Antwerp by Michael Pye

Antwerp by Michael Pye

Author:Michael Pye [Pye, Michael]
Language: eng
Format: epub
ISBN: 9780241243220
Publisher: Penguin Books Ltd
Published: 2020-06-18T00:00:00+00:00


10

Listen to the City

Walk out and listen: bells, carts, shouts in the city, sometimes dogs, cows or geese, sometimes horses, whistles, builders, market cries and pedlars and, according to Guicciardini, much more. He wrote of ‘hardly a corner of the streets not filled with the joyous sound of singing and the playing of instruments’, ‘instruments of all sorts which everyone understands and knows’. The Hanseatic merchants had a band to play to them daily on their walk to do business at the Beurs. Street processions, civic and holy, were showy with ‘great costly gold pole-candlesticks and their long old Frankish silver trumpets; and there were many pipers and drummers in the German fashion; all were loudly and noisily blown and beaten,’ as Dürer noticed in 1520. The Church of Our Lady was ‘so vast that many masses may be sung there at one time without interfering one with another’.1

The music of the Netherlands was already famous. It was Flemish singers who went with the distraught Queen Juana of Spain all around Castille in 1506, singing the Office of the Dead each day for her dead but unburied husband, whose coffin travelled with them. The capilla flamenca, the choir from Flanders, travelled with Charles V on his journeys round the Empire; he hardly ever took musicians from Spain.2 Queens, kings and emperors paid for the soundtrack of court life and the dignity of their prayers, a kind of patronage which ran through the machinery of the Church and the grand houses of dukes and princes. Music was a household service, like art or cooking.
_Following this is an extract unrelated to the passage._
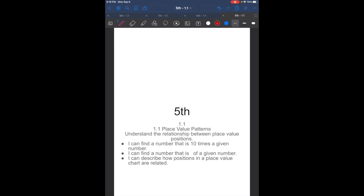Hello ladies and gentlemen, welcome to 5th grade math. This is lesson 1.1. Today we are going to be talking about place value patterns, understanding the relationship between place value positions. By the end of today's lesson, you will be able to find a number that is 10 times bigger than another number, find a number that is one-tenth of another number, and describe the positions on the place value chart.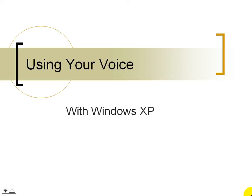Hello and welcome to a brief tutorial on using your voice with Windows XP. You will need a microphone for this tutorial.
Antwerp, being in Brabant, was rather different. Erik, King of Sweden, on his way to woo Elizabeth of England in 1560, stopped off in Antwerp, where his people spent ‘a huge amount of money … on hiring musicians and singers to go with him’; what’s more, his spending was notorious enough to be reported to the Medicis in Florence.3 In Antwerp even kings went shopping for their music.

There was a music business, developed enough for a simple kind of merger and acquisition. Georges Lohoys, a musician with a fat contacts book, made a deal with a newcomer, Jean Hobreau or Petit-Jehan, on 20 March 1541. The two would work together, keep joint accounts, provide the music for weddings, banquets, any kind of party any time and for anyone, merchant or citizen or plain resident. They agreed to pool the tips and the incidentals along with the fees. They gave lessons in playing and lessons in dancing, sometimes at their own hall. They also needed apprentices who could play various instruments, and Georges Lohoys was much too busy to do without them. Two of the boys, Didier and Pierre, ran home to their father and it was such a crisis that Lohoys called out three sheriff’s men to bring them back.4

There was high-minded music, as in the booklet the Antwerp bishop wrote which set the Ten Commandments. There was carnival music, raunchy as you like, about bodies and drink and not being able to pay the rent.